Image description: The sea surface in the foreground, extending toward a lone wind turbine against a grey sky.
The Crown Estate has confirmed it will proceed with its capacity increase programme to maximise the potential of existing seabed leases at seven UK wind farms, potentially generating enough energy to power up to four million homes and create economic growth for the UK.
The move rubber stamps earlier requests made by developers awarded rights in either the Crown Estate’s offshore leasing Round 3 or 2017 Extensions round.
The announcement officially raises the total capacity at the projects by an additional 4.7GW and confirms nameplate ratings at arrays including RWE’s 1.1GW Awel y Mor off Wales and 1.2GW Rampion 2 off south England, plus Equinor’s 719MW Sheringham Shoal and Dudgeon extensions off Norfolk.
The Crown Estate said the decision supports the government’s target of deploying up to 50GW total installed capacity in UK waters by 2030.
Clean Industry Bonus more than doubled:
Secretary Ed Miliband, heading the Department for Energy Security and Net Zero, said in contrast to Ørsted’s U-turn on the Hornsea 4 project, the government continues to receive strong interest for the development of offshore wind energy projects.
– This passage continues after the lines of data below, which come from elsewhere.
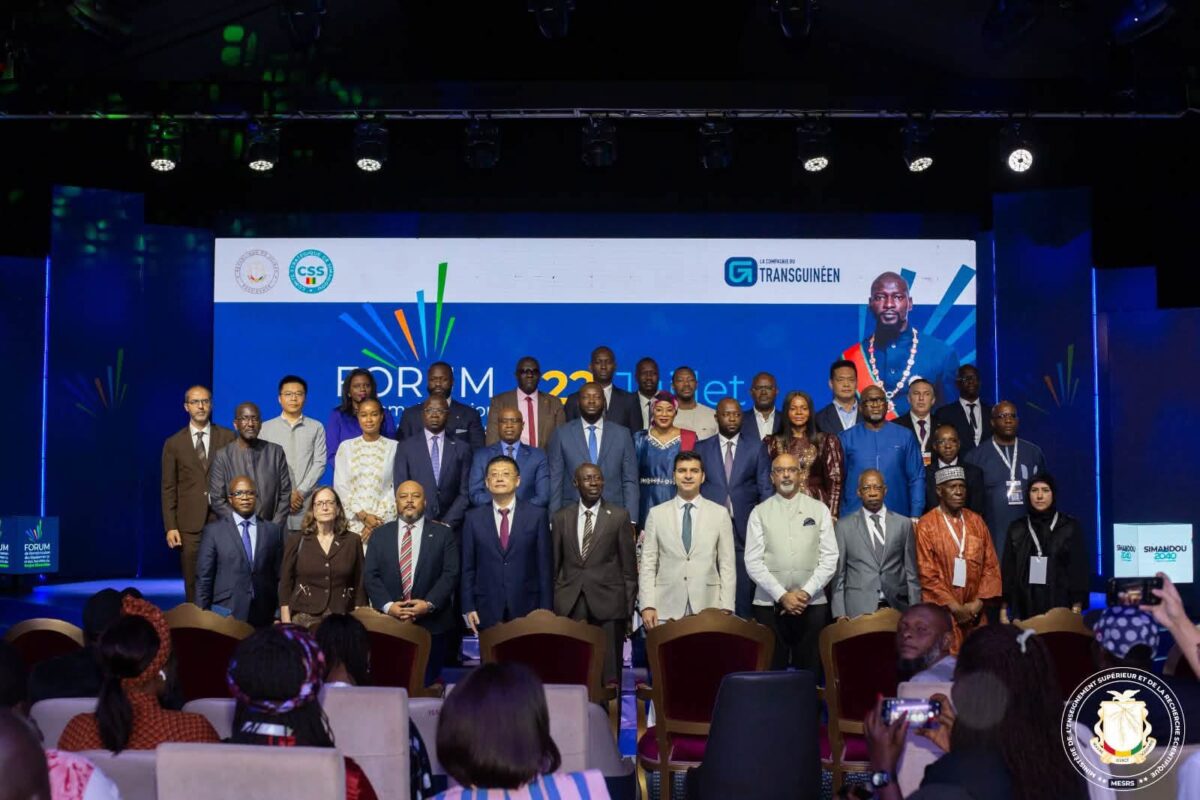 𝗠𝗘𝗦𝗥𝗦 🇬🇳 || 𝗦𝗶𝗺𝗮𝗻𝗱𝗼𝘂 𝟮𝟬𝟰𝟬 : 𝗹𝗮 𝗚𝘂𝗶𝗻𝗲́𝗲 𝗺𝗼𝗯𝗶𝗹𝗶𝘀𝗲 𝘀𝗲𝘀 𝗲𝗻𝘁𝗿𝗲𝗽𝗿𝗶𝘀𝗲𝘀, 𝘀𝗲𝘀 𝗲́𝗾𝘂𝗶𝗽𝗲𝗺𝗲𝗻𝘁𝘀 𝗲𝘁 𝘀𝗲𝘀 𝗰𝗼𝗺𝗽𝗲́𝘁𝗲𝗻𝗰𝗲𝘀 𝗽𝗼𝘂𝗿 𝗮𝗰𝗰𝗲́𝗹𝗲́𝗿𝗲𝗿 𝘀𝗮 𝘁𝗿𝗮𝗻𝘀𝗳𝗼𝗿𝗺𝗮𝘁𝗶𝗼𝗻 𝗲́𝗰𝗼𝗻𝗼𝗺𝗶𝗾𝘂𝗲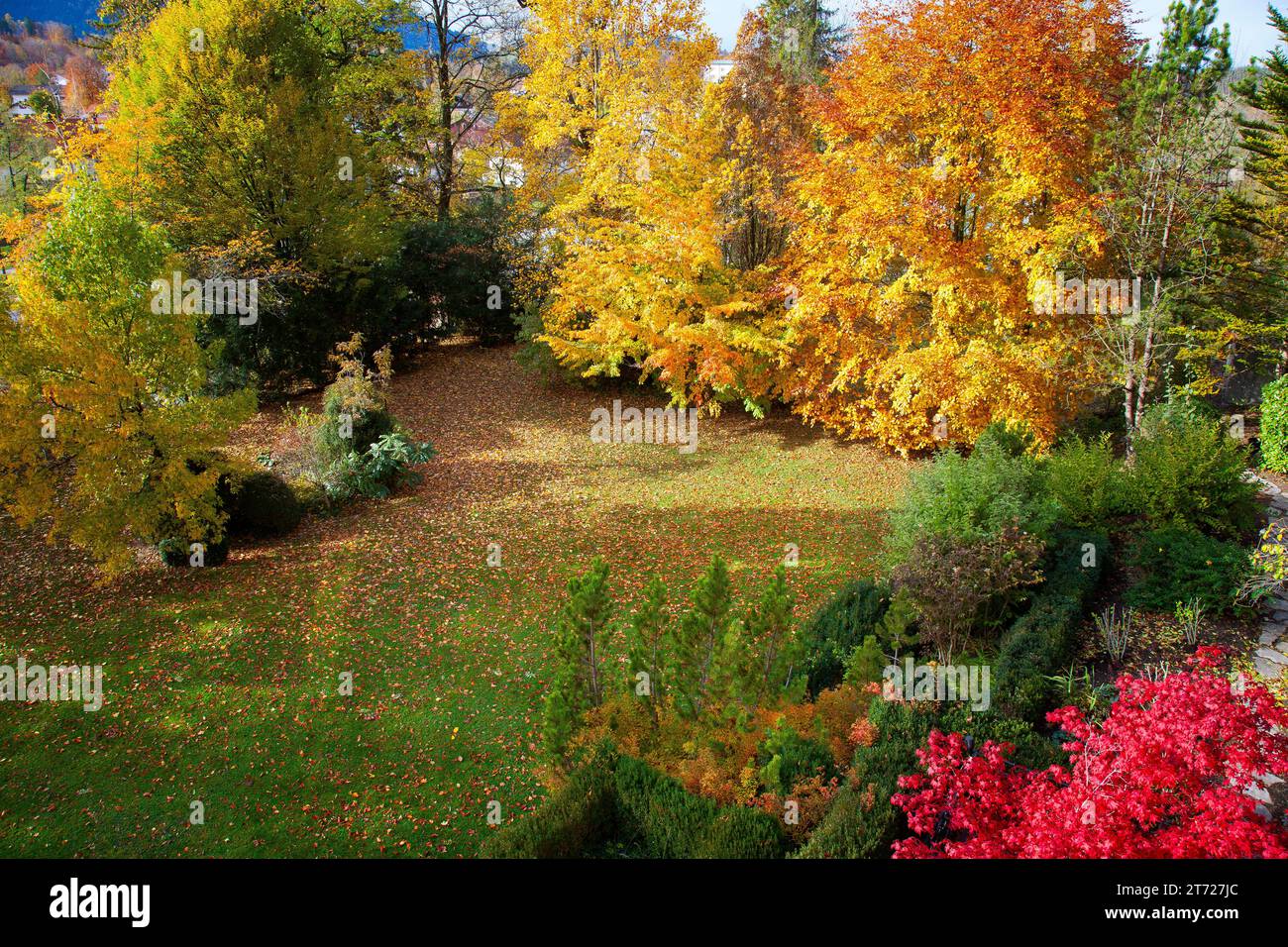 DE - BAYERN: Private herbstliche Gartenszene entlang der Isar, Bad Toelz, Oberbayern Stockfoto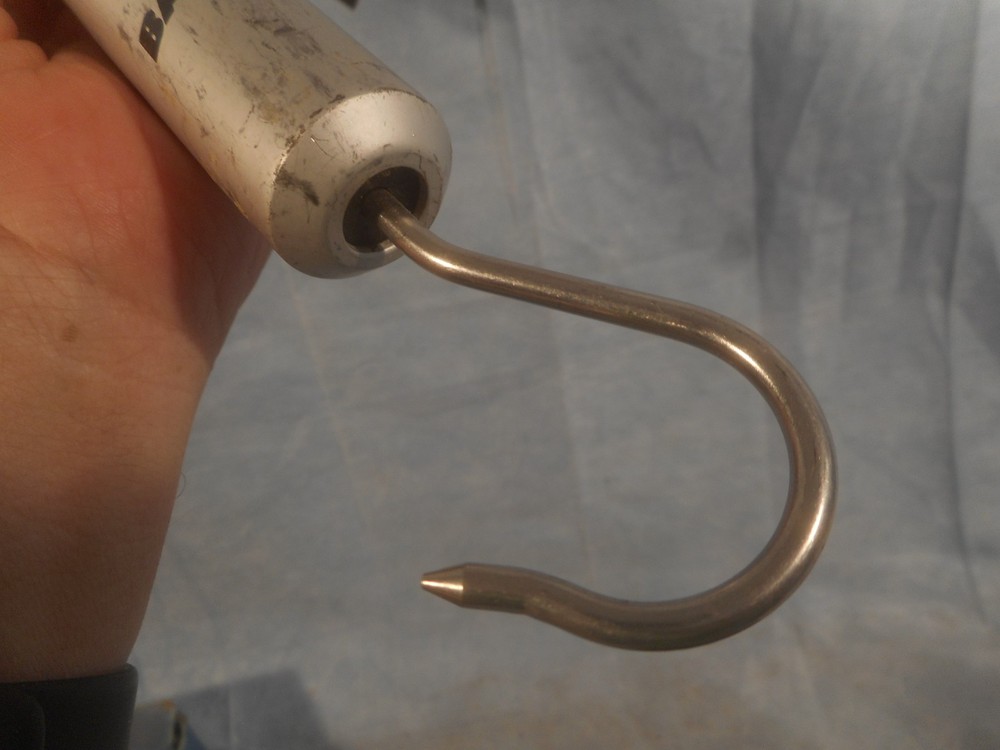 Baker Fishing Gaff and Scale - 25 lb. Scale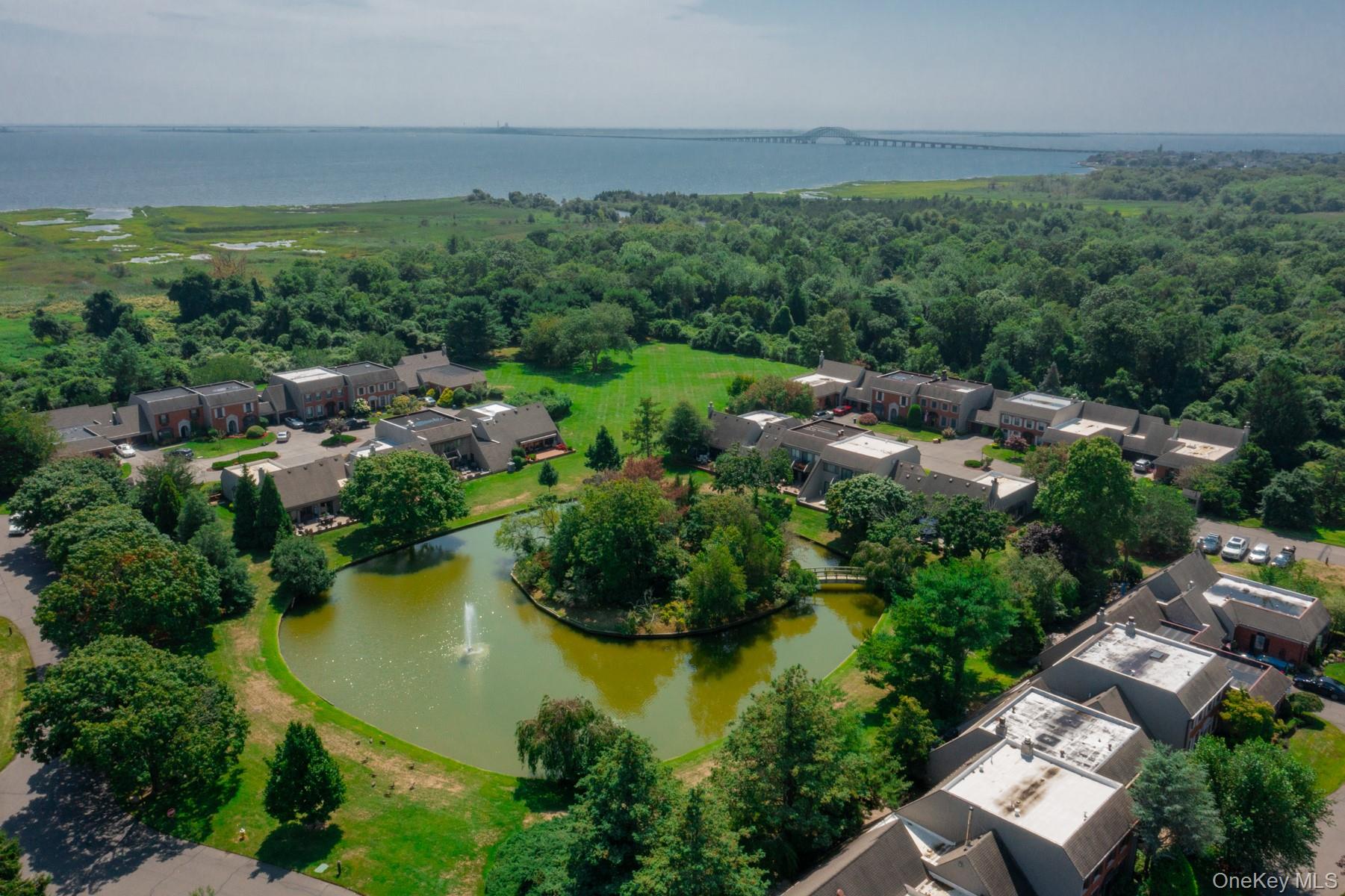 52 Admirals Drive E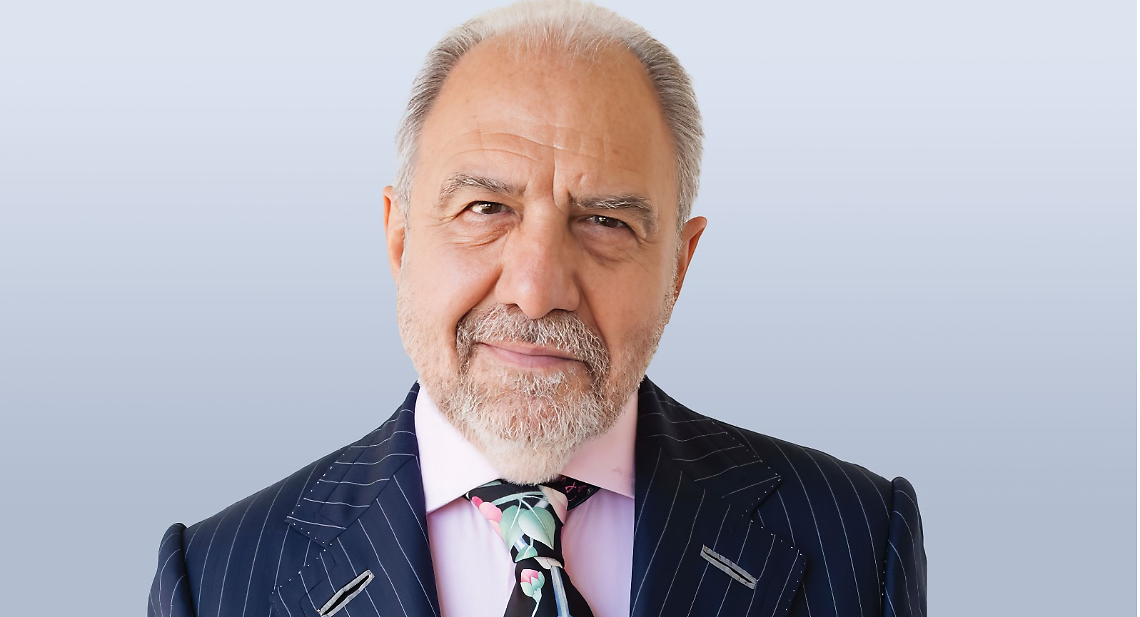 Il giornalista, Antonio Caprarica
Miliband said hundreds of bids have been received in the latest government scheme, a “strong signal that industry supports the government’s clean power by 2030 mission.”
Following higher than expected demand, the Energy Secretary said the government was going to increase funding in its Clean Industry Bonus program from the planned £200 million ($266 million) to £544 million ($724 million). This announcement follows the Prime Minister’s £300 million announcement to support offshore wind supply chains, building Britain’s clean energy future through Plan for Change. The application window for the Clean Industry Bonus is now closed, with the winners expected to be announced after the final budget in May.